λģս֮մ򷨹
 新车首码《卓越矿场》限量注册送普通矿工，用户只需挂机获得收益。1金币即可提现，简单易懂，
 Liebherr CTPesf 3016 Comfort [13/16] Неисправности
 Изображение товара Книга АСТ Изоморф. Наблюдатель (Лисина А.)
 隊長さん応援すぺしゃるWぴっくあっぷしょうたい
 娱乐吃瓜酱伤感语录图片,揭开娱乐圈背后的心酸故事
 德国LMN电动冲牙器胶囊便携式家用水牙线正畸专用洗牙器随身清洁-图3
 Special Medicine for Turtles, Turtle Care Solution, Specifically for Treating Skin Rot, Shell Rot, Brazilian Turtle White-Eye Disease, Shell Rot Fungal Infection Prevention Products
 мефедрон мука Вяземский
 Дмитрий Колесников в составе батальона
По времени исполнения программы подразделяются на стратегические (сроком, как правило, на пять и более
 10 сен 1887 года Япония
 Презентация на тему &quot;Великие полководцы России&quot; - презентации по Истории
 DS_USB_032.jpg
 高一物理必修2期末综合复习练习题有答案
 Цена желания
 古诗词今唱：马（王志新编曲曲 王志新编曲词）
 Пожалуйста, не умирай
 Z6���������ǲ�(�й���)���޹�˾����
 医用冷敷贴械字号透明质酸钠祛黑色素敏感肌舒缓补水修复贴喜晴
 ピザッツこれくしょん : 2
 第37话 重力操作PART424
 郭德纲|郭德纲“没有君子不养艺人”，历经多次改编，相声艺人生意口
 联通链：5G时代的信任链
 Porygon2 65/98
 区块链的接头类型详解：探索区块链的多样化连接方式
____
WHAT THE EXERCISE ASKS | In the entries above, find the line holding "Liebherr CTPesf 3016" and the line holding "Дмитрий Колесников в составе батальона"; print both of them and every line between, exactly, and nothing else.

ANSWER SPACE |
 Liebherr CTPesf 3016 Comfort [13/16] Неисправности
 Изображение товара Книга АСТ Изоморф. Наблюдатель (Лисина А.)
 隊長さん応援すぺしゃるWぴっくあっぷしょうたい
 娱乐吃瓜酱伤感语录图片,揭开娱乐圈背后的心酸故事
 德国LMN电动冲牙器胶囊便携式家用水牙线正畸专用洗牙器随身清洁-图3
 Special Medicine for Turtles, Turtle Care Solution, Specifically for Treating Skin Rot, Shell Rot, Brazilian Turtle White-Eye Disease, Shell Rot Fungal Infection Prevention Products
 мефедрон мука Вяземский
 Дмитрий Колесников в составе батальона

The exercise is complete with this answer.